Wind energy—whether community or privately owned—often brings a range of new jobs to the area where a wind project is sited. This can include short-term jobs, like those in construction, as well as long-term roles operating and maintaining the wind project.

Wind energy development can also drive an increase in jobs not directly related to the wind project. For example, the construction phase of a large wind farm may bring in workers from out of town, meaning hotels and restaurants need to increase their staff to accommodate the influx of potential patrons.

What Is Residential Wind Energy?

Residential wind energy is generated at the source of consumption. In other words, it is wind energy generated at and connected to the residence it powers. Small wind projects can be as simple as a single wind turbine on private property.

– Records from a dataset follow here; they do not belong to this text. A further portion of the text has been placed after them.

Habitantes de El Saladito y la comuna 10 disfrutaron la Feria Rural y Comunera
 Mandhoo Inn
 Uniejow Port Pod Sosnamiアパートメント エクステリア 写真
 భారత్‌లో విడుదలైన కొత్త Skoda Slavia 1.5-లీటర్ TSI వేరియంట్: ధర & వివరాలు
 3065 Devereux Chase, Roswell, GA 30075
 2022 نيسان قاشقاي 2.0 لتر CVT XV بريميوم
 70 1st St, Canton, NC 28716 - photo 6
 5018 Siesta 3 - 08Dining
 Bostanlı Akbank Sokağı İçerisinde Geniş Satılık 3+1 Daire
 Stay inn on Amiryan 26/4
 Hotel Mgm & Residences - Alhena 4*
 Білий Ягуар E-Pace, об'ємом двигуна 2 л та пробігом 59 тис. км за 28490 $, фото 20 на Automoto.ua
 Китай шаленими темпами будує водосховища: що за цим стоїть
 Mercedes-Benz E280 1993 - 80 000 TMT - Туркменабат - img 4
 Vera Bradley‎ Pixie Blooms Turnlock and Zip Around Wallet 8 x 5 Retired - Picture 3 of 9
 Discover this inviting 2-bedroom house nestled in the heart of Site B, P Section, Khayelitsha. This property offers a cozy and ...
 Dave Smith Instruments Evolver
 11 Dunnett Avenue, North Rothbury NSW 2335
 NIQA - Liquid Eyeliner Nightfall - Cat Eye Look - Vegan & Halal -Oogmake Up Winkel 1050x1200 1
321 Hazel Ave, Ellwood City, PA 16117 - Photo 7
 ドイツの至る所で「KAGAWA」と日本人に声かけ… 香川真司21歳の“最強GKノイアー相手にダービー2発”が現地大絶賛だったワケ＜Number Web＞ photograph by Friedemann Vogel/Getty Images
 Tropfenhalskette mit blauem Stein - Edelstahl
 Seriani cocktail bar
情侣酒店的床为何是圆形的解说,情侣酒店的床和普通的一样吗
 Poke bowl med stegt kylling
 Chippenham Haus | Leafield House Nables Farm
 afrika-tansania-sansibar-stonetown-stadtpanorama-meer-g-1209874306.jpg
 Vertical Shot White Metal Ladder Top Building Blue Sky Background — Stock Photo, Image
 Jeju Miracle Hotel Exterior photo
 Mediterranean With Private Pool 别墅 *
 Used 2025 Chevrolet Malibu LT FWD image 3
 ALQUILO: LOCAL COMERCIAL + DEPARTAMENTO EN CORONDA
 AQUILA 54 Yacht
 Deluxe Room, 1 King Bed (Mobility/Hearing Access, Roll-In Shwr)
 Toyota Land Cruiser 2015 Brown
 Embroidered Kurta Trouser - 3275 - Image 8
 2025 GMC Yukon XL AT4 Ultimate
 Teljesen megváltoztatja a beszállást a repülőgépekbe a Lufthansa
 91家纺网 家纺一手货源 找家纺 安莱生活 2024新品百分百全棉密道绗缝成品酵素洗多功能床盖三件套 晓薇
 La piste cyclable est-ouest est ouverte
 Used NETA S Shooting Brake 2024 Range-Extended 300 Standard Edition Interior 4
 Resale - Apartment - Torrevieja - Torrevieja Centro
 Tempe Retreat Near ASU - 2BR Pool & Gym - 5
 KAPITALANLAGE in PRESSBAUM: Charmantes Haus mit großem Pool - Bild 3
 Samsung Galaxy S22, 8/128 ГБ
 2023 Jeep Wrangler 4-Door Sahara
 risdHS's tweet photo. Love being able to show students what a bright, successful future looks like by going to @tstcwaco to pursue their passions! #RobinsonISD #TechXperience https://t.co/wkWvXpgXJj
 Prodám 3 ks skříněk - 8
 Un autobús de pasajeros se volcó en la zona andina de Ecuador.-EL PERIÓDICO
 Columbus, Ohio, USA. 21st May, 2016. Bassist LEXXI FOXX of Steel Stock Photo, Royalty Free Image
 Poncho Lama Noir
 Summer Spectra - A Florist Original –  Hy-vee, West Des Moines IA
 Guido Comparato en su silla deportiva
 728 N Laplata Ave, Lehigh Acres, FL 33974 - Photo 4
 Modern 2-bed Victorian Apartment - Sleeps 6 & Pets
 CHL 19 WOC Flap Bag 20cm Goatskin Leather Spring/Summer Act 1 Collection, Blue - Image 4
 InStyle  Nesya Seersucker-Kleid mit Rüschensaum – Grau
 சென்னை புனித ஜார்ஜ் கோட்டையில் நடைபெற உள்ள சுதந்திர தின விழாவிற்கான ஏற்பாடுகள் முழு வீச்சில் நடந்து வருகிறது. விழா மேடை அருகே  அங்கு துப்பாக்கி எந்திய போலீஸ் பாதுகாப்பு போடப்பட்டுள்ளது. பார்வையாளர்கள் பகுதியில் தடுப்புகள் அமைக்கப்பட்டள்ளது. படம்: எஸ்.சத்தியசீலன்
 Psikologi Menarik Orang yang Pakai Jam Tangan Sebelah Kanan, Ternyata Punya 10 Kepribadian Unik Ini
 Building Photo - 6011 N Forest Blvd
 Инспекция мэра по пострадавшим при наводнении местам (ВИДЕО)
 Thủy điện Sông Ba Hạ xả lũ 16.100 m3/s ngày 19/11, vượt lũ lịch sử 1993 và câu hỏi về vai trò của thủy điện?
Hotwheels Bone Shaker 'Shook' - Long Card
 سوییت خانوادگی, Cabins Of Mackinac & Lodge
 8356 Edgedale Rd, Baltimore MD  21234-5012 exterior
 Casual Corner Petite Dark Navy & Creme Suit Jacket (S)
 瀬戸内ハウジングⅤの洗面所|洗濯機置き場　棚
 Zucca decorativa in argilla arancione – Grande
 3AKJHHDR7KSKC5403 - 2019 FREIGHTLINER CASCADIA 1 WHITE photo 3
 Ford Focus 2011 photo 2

These same principles would also apply to small business, such as farms or other agricultural businesses, or even small industries located outside of communities across the nation.

A residential wind energy system can be just one turbine or a group of turbines with each turbine ranging in size from 200 watts—enough to charge a battery for a recreational vehicle—to tens of kilowatts to power larger residences or small farms.

Residential distributed wind energy allows landowners to harness the energy created by wind and use as much as they need to power their home and other buildings on their property. A landowner can connect their distributed wind turbine to the grid, or the energy can stay off the grid in standalone applications.

How Are Residential Wind Energy Projects Used?

Homeowners use residential wind energy, which can offset a homeowner’s electricity costs, to power their homes and sometimes even recreational vehicles and boats.

In some cases, a residential wind energy system is paired with other sources of distributed energy, such as solar panels, energy storage, or fossil fuel generators, in a home-scale microgrid. This type of system can help homeowners meet all their energy needs using power generated on their property.

When the residence is connected to the distribution network, a residential wind energy system can supplement a home’s energy consumption. If the residential distributed energy system provides more electricity than is used, the residence may be “net-zero” although it still uses energy from the grid when there is not enough wind for the wind turbine. If combined with other energy sources as part of a home microgrid, the residence can be self-sustaining and can operate without a grid connection, either permanently, which is known as being “off-grid systems”, or if the grid goes down during a weather event or other emergency situation.

How a wind turbine connects to the local grid is driven largely by local building codes and rules put in place by the local utility, typically driven by state “net-metering” laws.

What Are the Benefits of Residential Wind Energy?

Residential wind can help homeowners:

• Lower their electricity bills
• Allow individuals or businesses to consume more energy than is available from their local utility
• Avoid the high costs of having utility power lines extended to a remote location
• Improve homeowners’ resilience during extended utility outages or support local grid conditions at the end of long distribution feeders.
• Generate on-site power in rural areas.

According to the 2020 U.S. Census, approximately 20% of the U.S. population lives in rural areas. Rural residences are better suited for distributed wind, given greater land availability, lack of local obstructions in the form of tall buildings, and in many parts of the country, stronger winds.